The american writer tells us why she’s drawn to eastern fairy tales
As a child, Katherine Arden had a book of Russian fairy tales. She loved the stories, so much so that when she came to write her first novel, The Bear And The Nightingale, she returned to them for inspiration. “I was really struggling to figure out how to begin my book. I had never written a book before, and finally, lacking better ideas, I decided to take the first chapter of my novel to retell a Russian fairytale,” she says. “I didn’t know where I was going with it or anything, but at least retelling the story would allow me to keep putting words down while I figured out how to tell my story.”

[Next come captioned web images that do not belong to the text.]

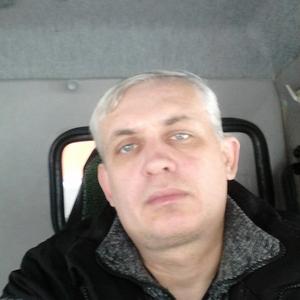 Виталий, 49 лет, Югорск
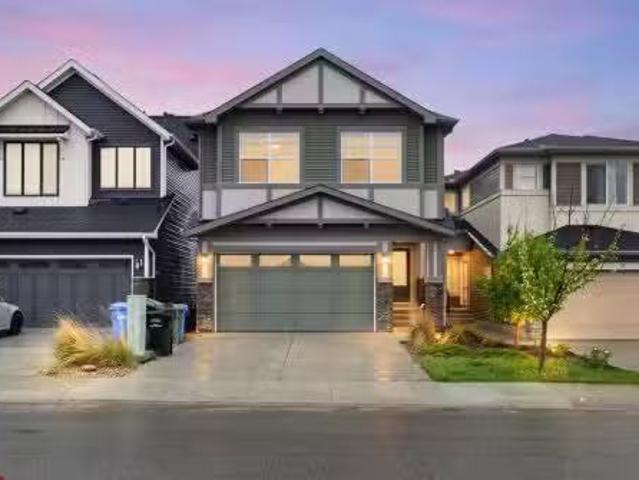 15 Homestead Close Ne, Calgary, AB, T3J 2H2 house for sale.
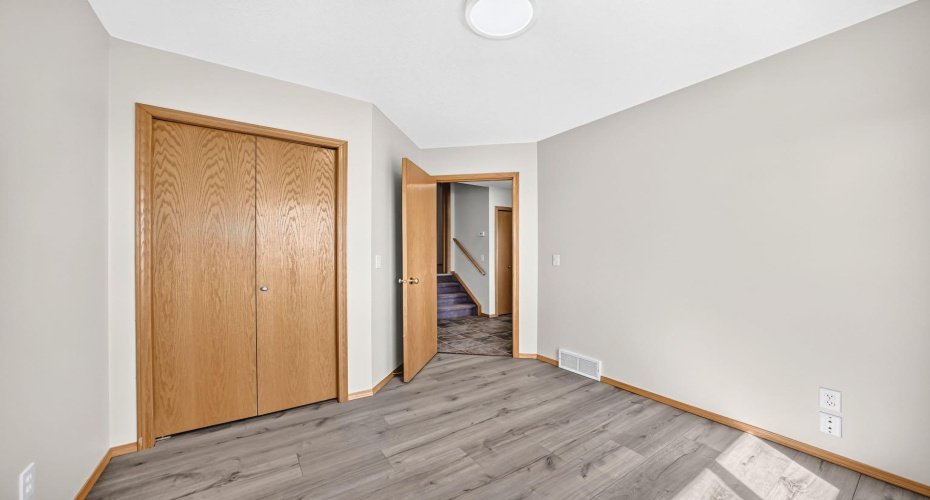 417 9 Street, Beiseker, Alberta T0M 0G0, 5 Bedroom Bedrooms, 0 ,3 BathroomBathrooms,Residential,For Sale,9,0,A2327254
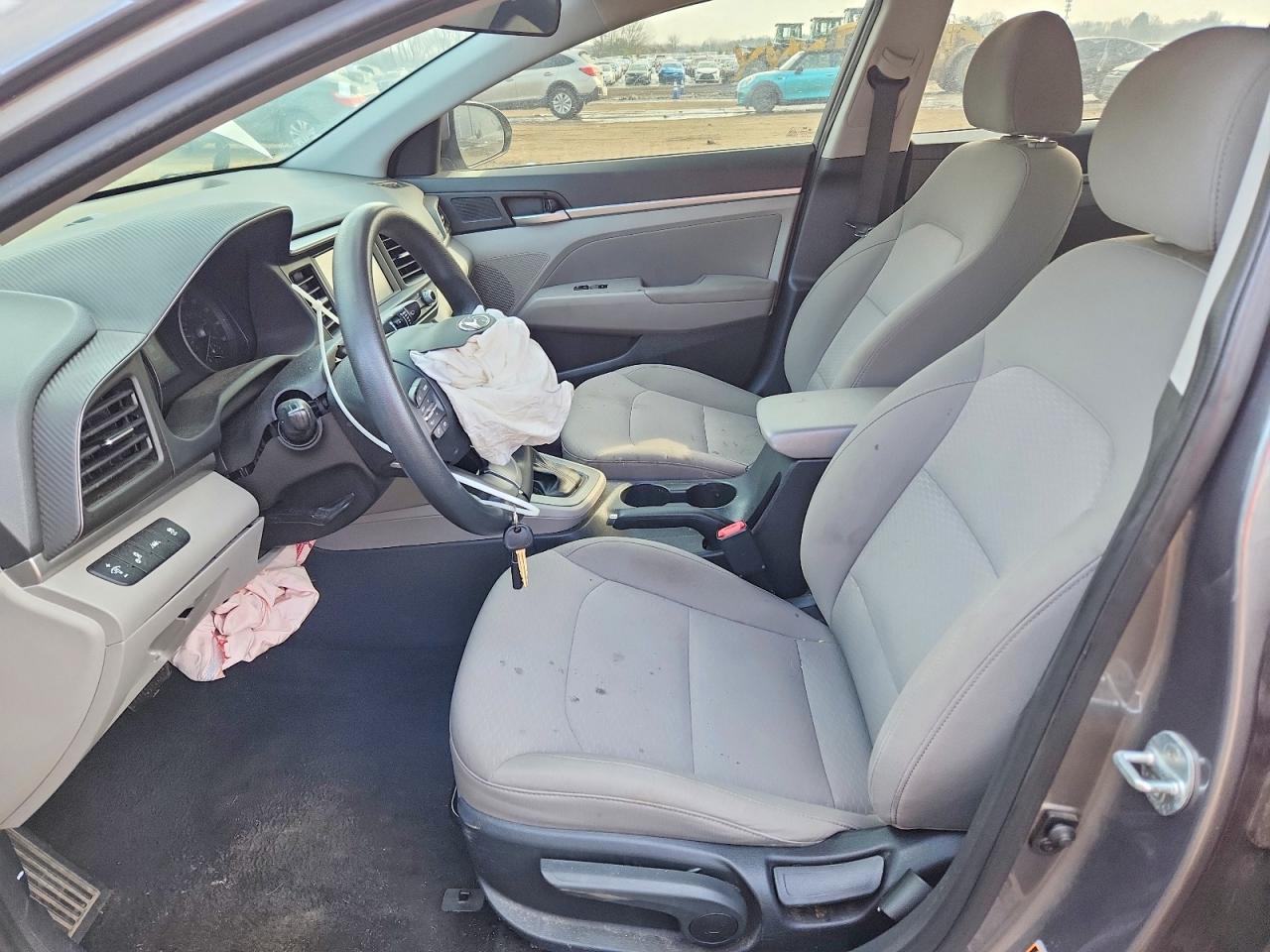 2020 HYUNDAI ELANTRA SEL photo 19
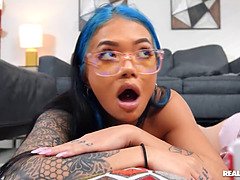 Culo grande, Verga grande, Morena, Lamidas, Tetas naturales, Coño, Afeitado, Tetas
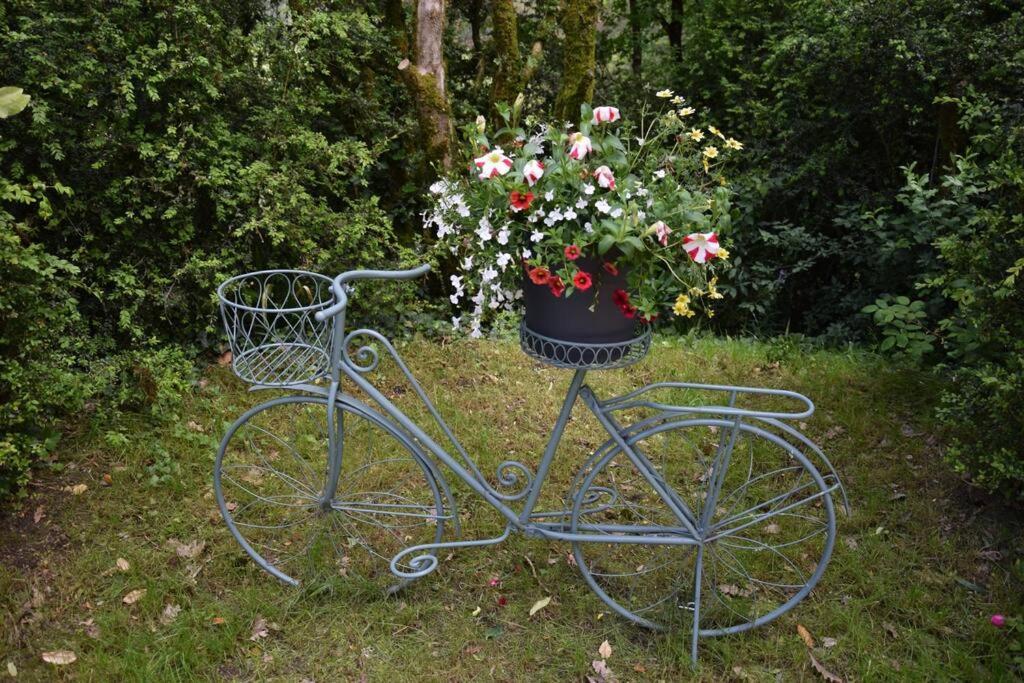 Gite Recent Au Calme Entre Champs Et Forets Perigord Vert Grand Brassac Екстер'єр фото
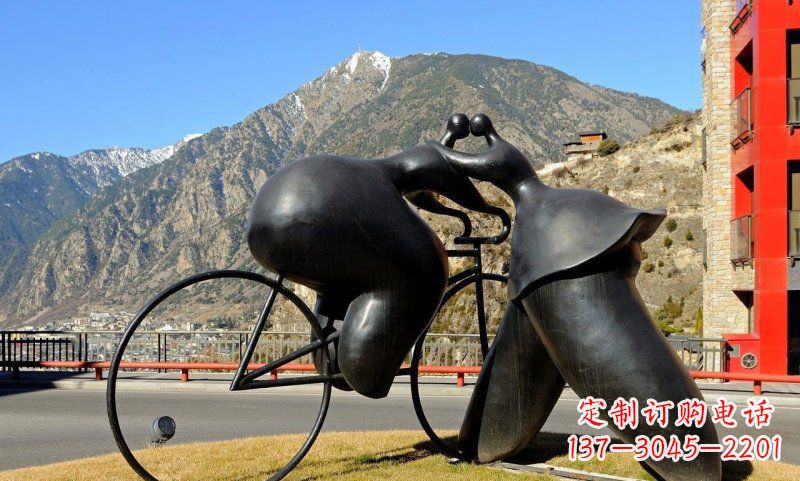 无锡公园抽象骑自行车人物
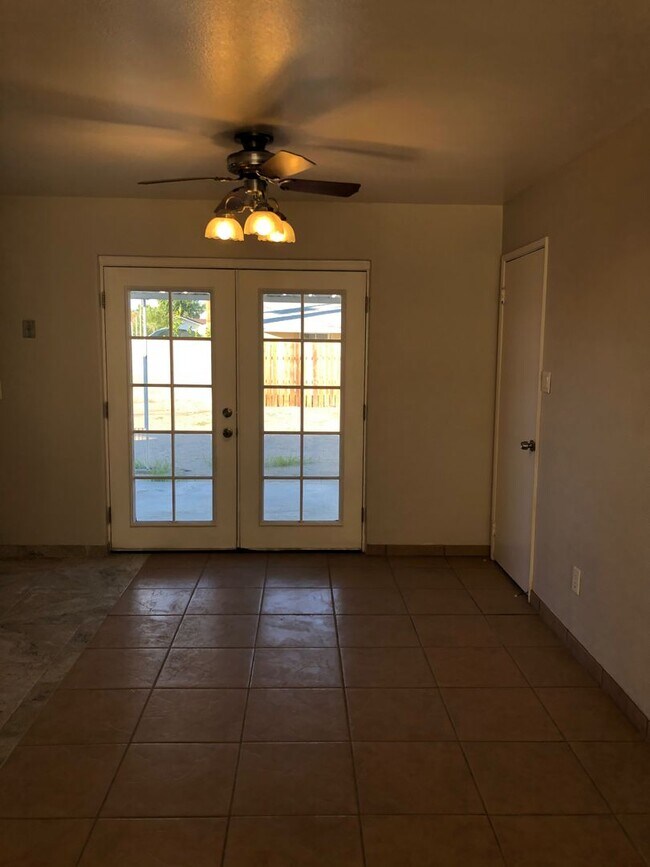 Building Photo - Adorable Home in Laverne Terrace!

This “accidental plot device” worked so well that not only did the chapter survive “relatively unchanged from first draft to final draft”, but it proved a jumping-off point for her Winter night trilogy, the tale of Vasilisa “Vasya” Petrovna, “the daughter of a minor boyar and a woman of mysterious ancestry, who lives in Muscovy in the 14th century”. It’s a trilogy now complete with of The Winter Of The Witch. So why was the young Arden, raised in Austin and Houston, Texas, “both of which are very hot”, drawn to chilly tales of Russia? One reason may be that in Arden’s estimation, they have better female characters. “[These are] heroines of their stories, sometimes ambiguous, like [supernatural being] Baba Yaga, but always strong, clever, and enterprising, and masters of their own destinies,” she says. “I feel like there are no comparable heroines in western fairy tales.”